To preserve the original LSL timestamps, use the include_timestamps option:
# Load with timestamp preservation
emg = EMG.from_file('recording.xdf', include_timestamps=True)
# Each stream gets a timestamp channel named "{stream_name}_LSL_timestamps"
print(list(emg.channels.keys()))
# ['MyEMG_Ch1', 'MyEMG_Ch2', 'MyEMG_LSL_timestamps']
Timestamp channels:
- Contain the original LSL timestamps in seconds
- Are marked with
channel_type='MISC'andphysical_dimension='s' - Are resampled along with the data when multiple streams have different rates
- Survive export to EDF/BDF for later synchronization analysis
This is useful for:
- Synchronizing with other data sources recorded with LSL
- Analyzing timing jitter in the original recording
- Post-hoc alignment with marker streams
Marker Streams¶
Marker/event streams contain string data and are not loaded as signal channels.
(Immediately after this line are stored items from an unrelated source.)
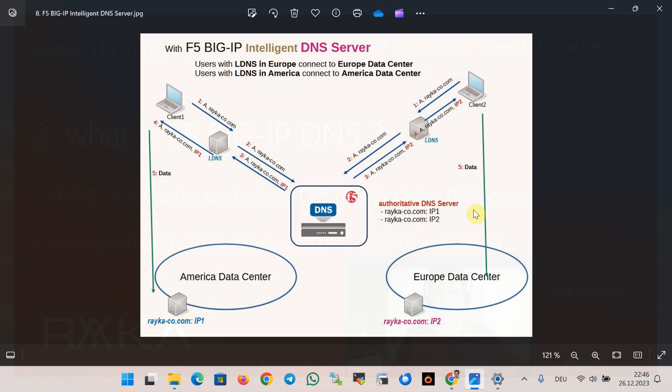Both IPv1 and IPv2 are stored in F5 Big IP DNS. When a user from Europe or America sends a request to the DNS server to access the application raica-co.com, F5 Big IP DNS does not necessarily respond only as a round robin algorithm, IPv1 to some users and IPv2 to other users.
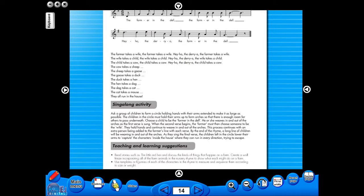A key feature of the eBook is that you have a direct link to the school copier if copying worksheets for pupils is required. Just click the print icon here.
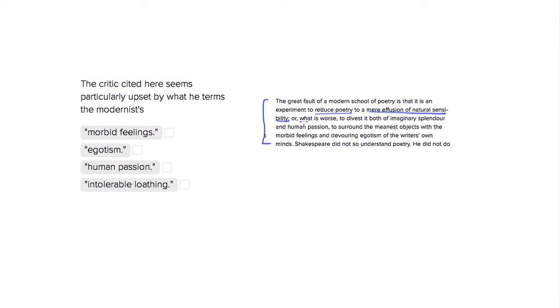Okay, so the fact that what is worse is going to tell you the thing that he most finds fault with, so what he's most particularly upset by.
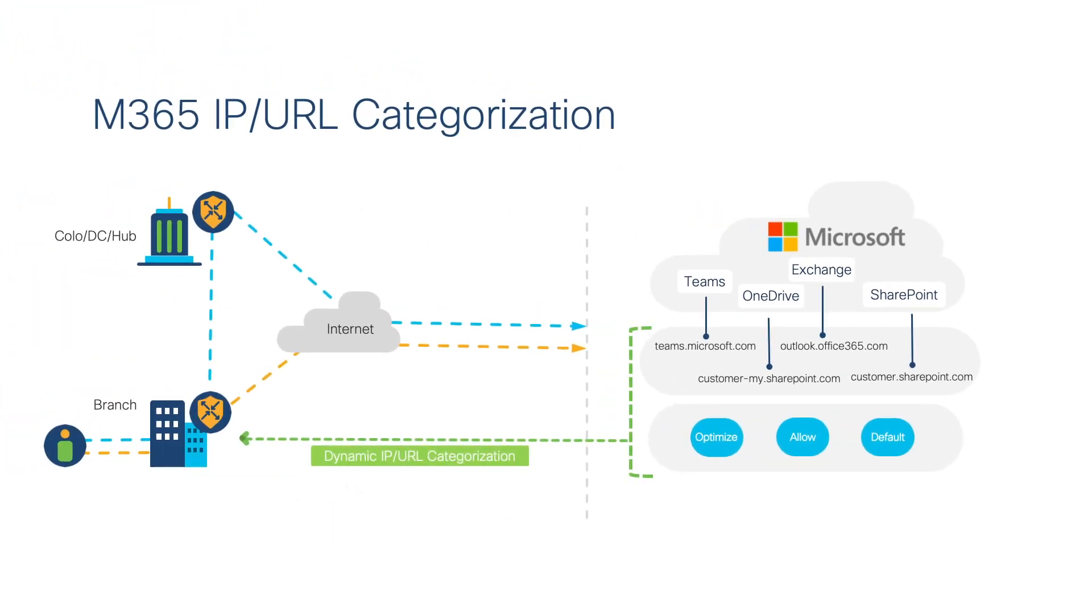Cisco SD-WAN downloads this Microsoft 365 IP URL categorization onto SD-WAN branch devices to efficiently and securely route Microsoft 365 traffic based on the application's tolerance. Let's take a look at how this works.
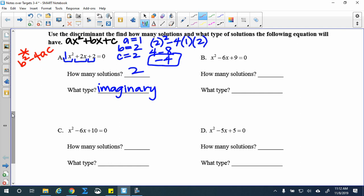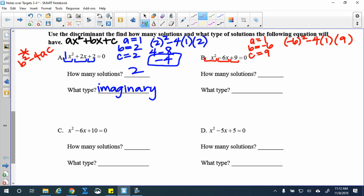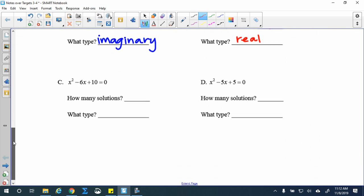Next: x squared minus 6x plus 9. My a value is 1, b is negative 6, and c is 9. Plugging into b squared minus 4ac: negative 6 squared minus 4 times 1 times 9 gives 36 minus 36, which is zero. When I get zero, that means I have one real solution.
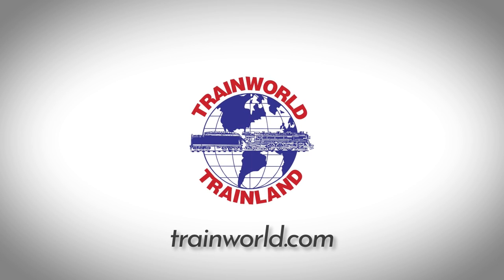This video is sponsored by TrainWorld, America's discount model train store since 1968.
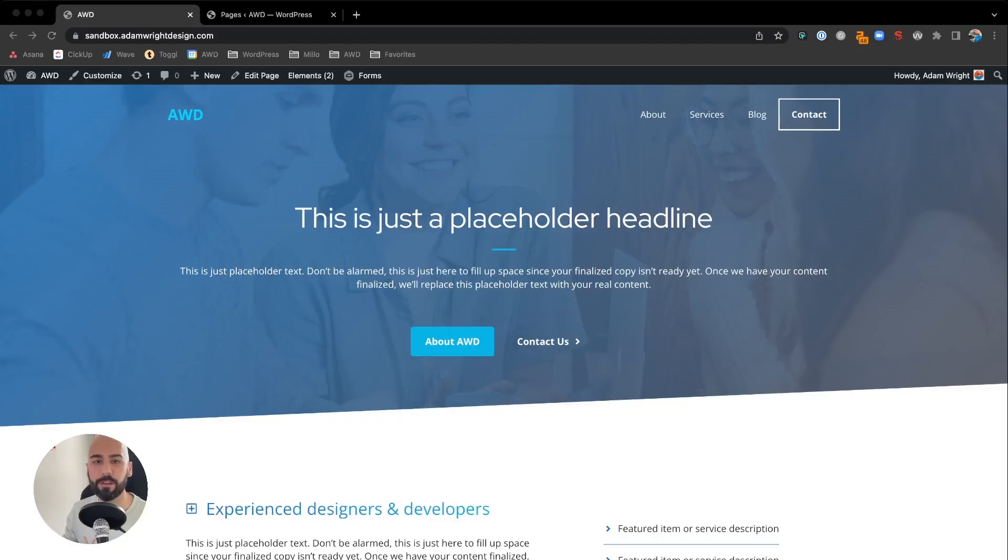What's up guys, Adam here. Today I'm going to show you how to take your ordinary, plain, boring photo and turn it into a more attractive design to complement your website. Let's take a look.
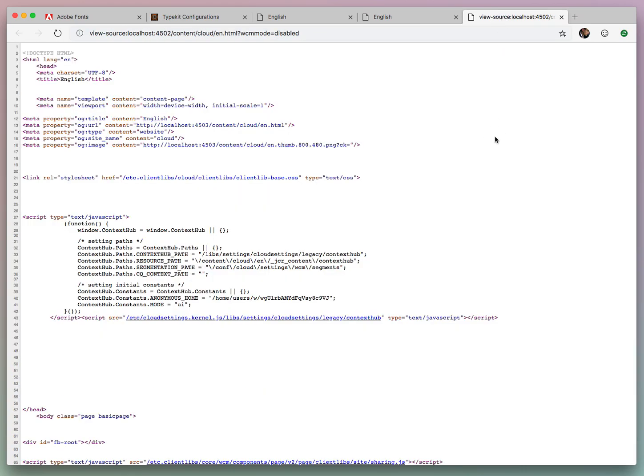And the CloudConfig service will automatically pick that up. It has to be of a certain type, so CQPage, and you're basically set. Thank you.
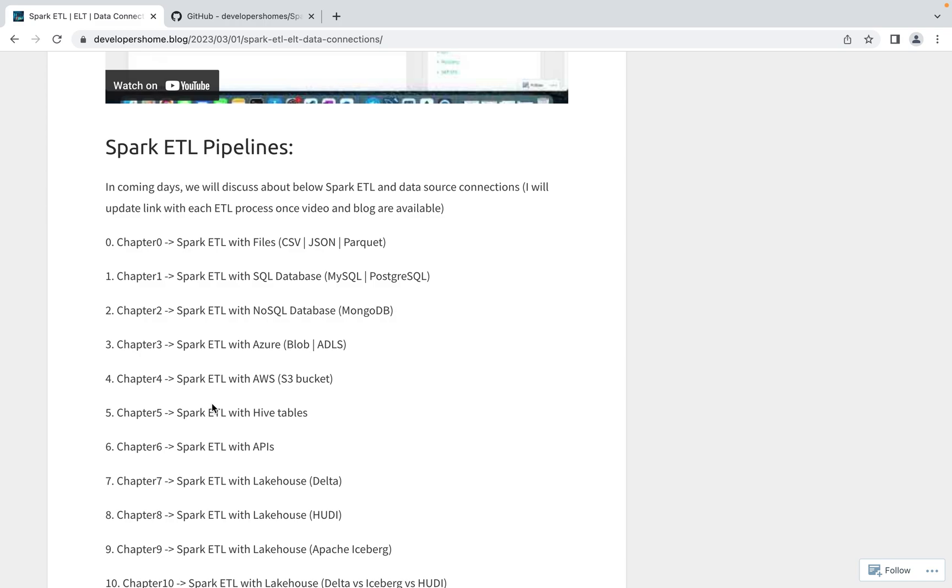Next thing, we'll be connecting to SQL database. In that we are considering MySQL and PostgreSQL. We'll understand how to install libraries so that we can connect from Apache Spark to MySQL using JDBC driver or using predefined Spark libraries.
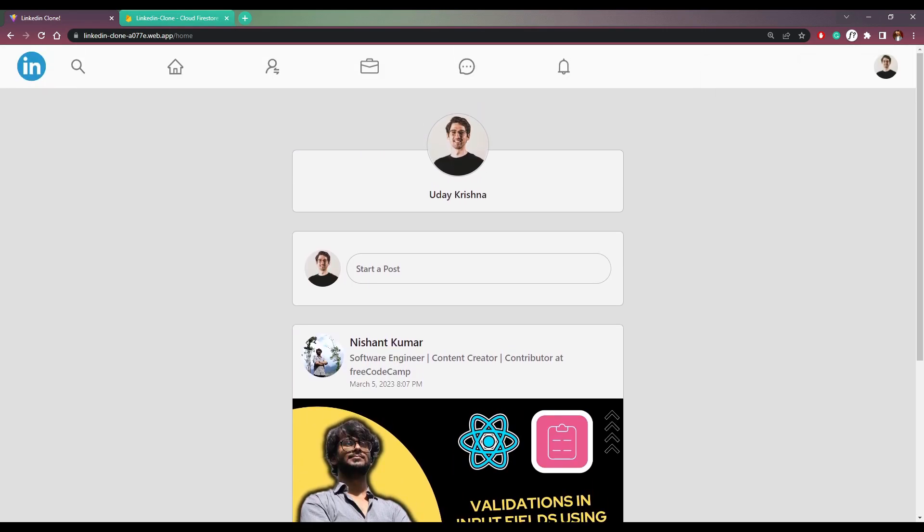And now let's see how to build this using React and Firebase.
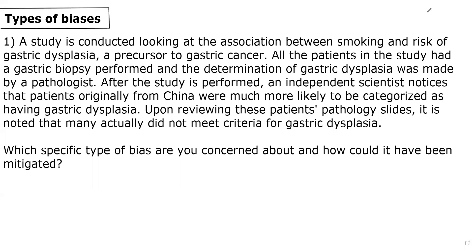Hey everyone, and welcome to question one associated with the types of biases lecture. As usual, I recommend you pause the video, attempt the question on your own, and then come back and watch the remainder of the video to see whether you did it correctly.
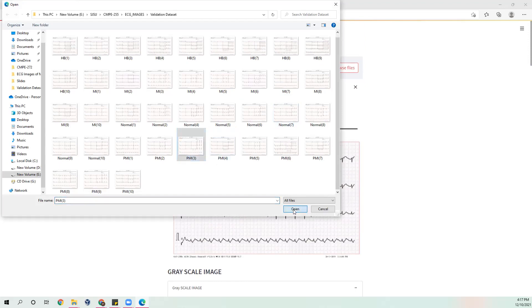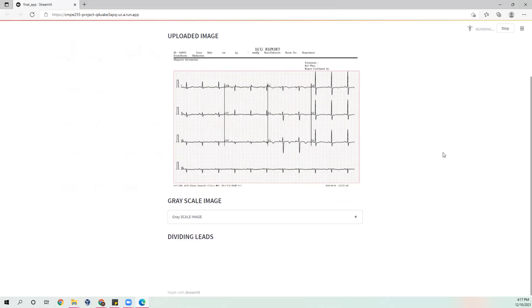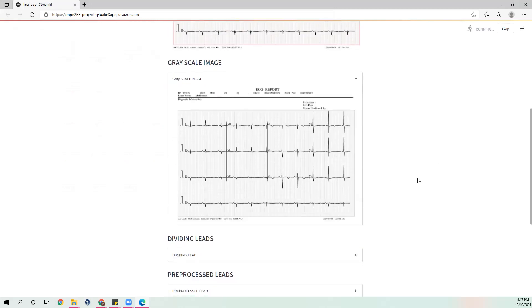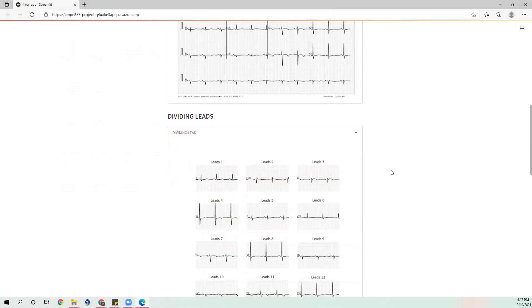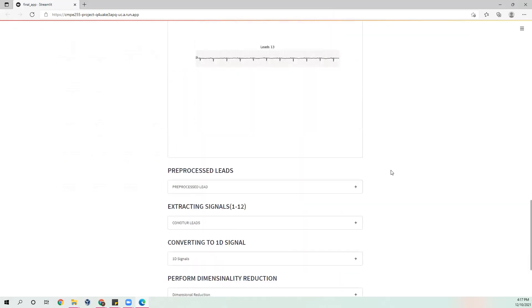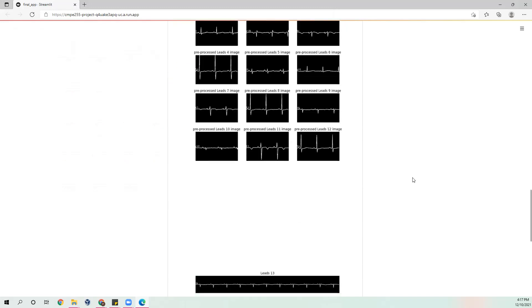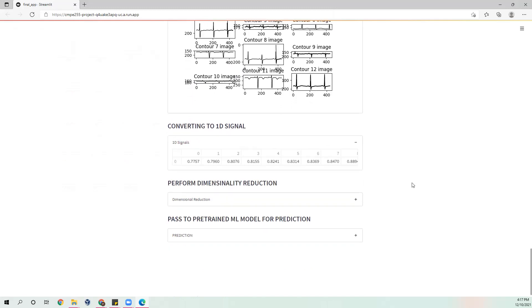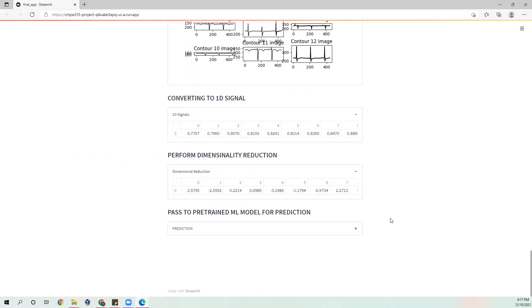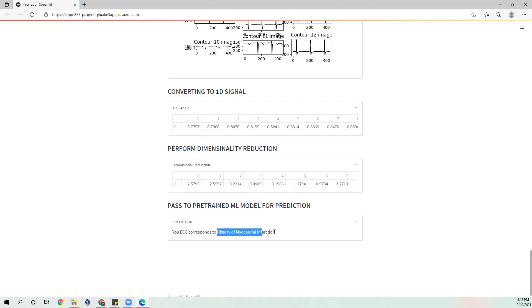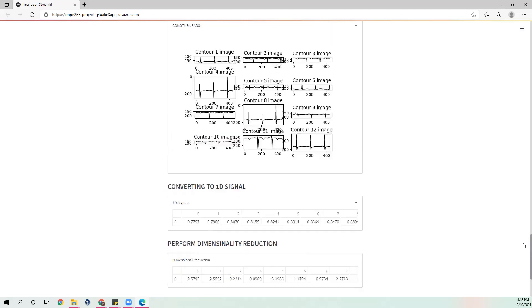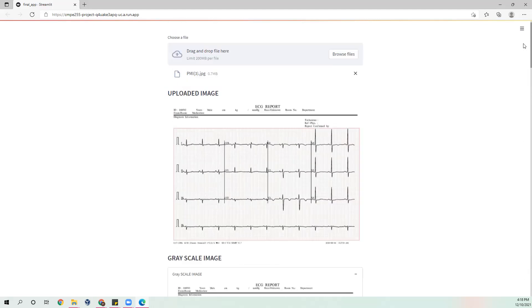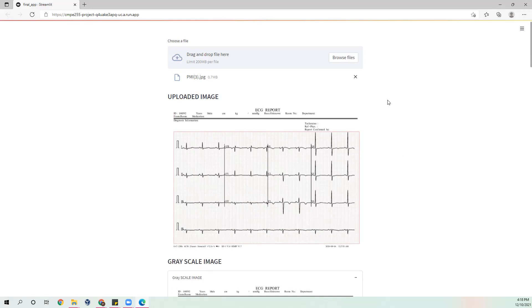Going on to the last category: the prediction is history of myocardial infarction. This is how the prediction works across all categories.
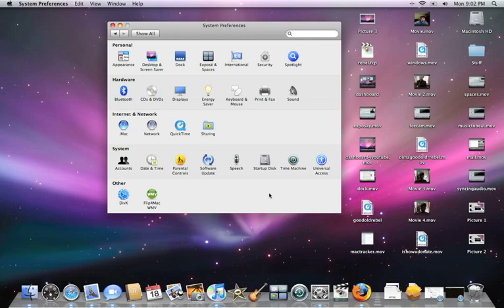Hello everyone, today it's Tim from TechStuff on YouTube and I'm going to show you how to make your Mac speak.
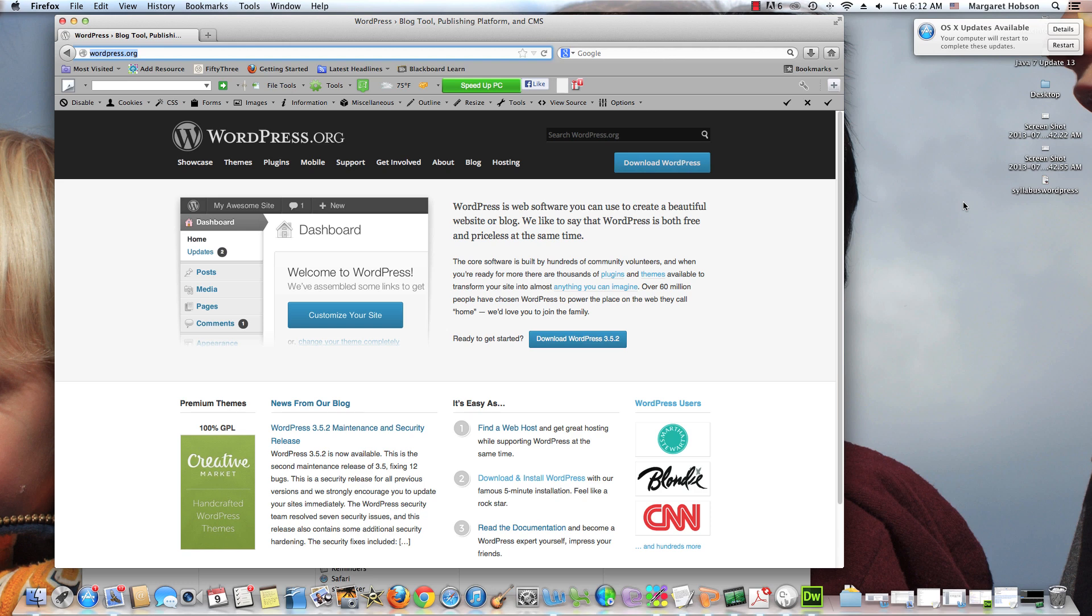In this video I want to go over how to add WordPress to your Dreamweaver site and how to set up your Dreamweaver site to get these two programs working together.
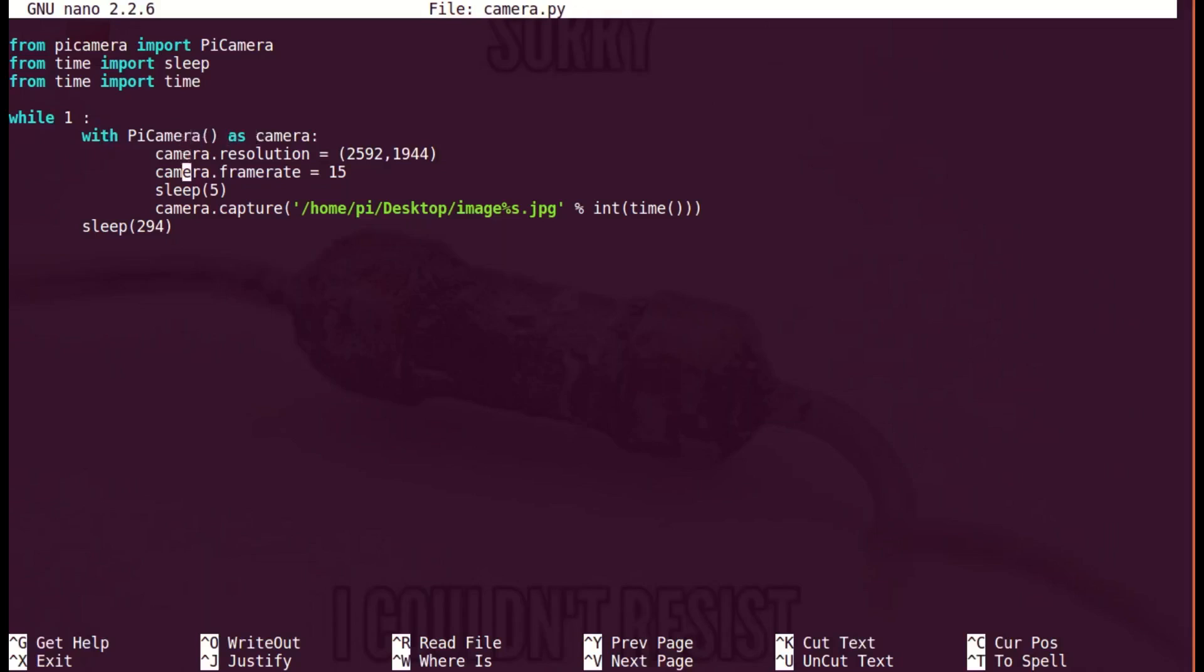These two statements set resolution and framerate. We sleep for 5 seconds, and then camera.capture function captures an image with the name tag as 'image' followed by timestamp, and we again sleep for the rest of the 5 minutes. So here is our simple code.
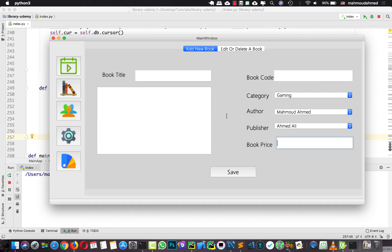Now everything is working fine — we can add a new book with no errors. We can enter a book title, book code, book description, and add the price. There's no error in the category, author, or publisher. We'll continue in the next lecture. If you have any questions, please leave them in the comment section, and if you like the course, don't forget to share your review and rating.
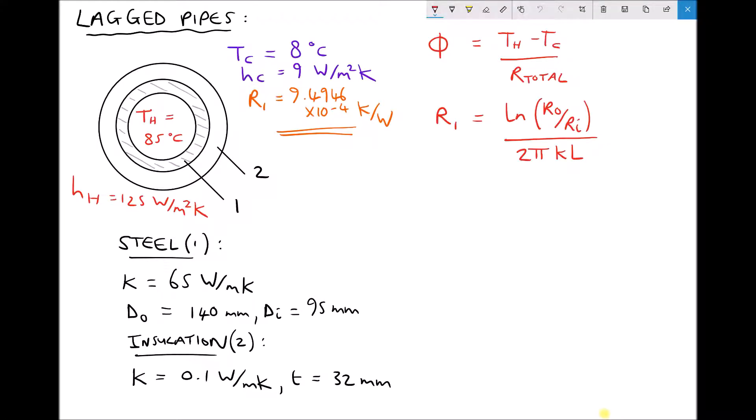In the previous video we calculated the rate of heat loss due to conduction through a lagged pipe, but we didn't consider the surface heat transfer coefficients. So in this video we're going to follow exactly the same process, but we're also going to include the convection effects, first of all at the inside of the steel pipe as a result of the contact with the fluid travelling through the pipe, and we're also going to include the convection effects at the outside surface of the insulation.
Use summarize_xdf() to inspect marker streams:
summary = summarize_xdf('recording.xdf')
marker_stream = summary.get_stream_by_name('EventMarkers')
if marker_stream:
print(f"Format: {marker_stream.channel_format}") # 'string'
print(f"Events: {marker_stream.sample_count}")
Requirements¶
The XDF importer requires the pyxdf package:
This is included as a dependency when installing EMGIO.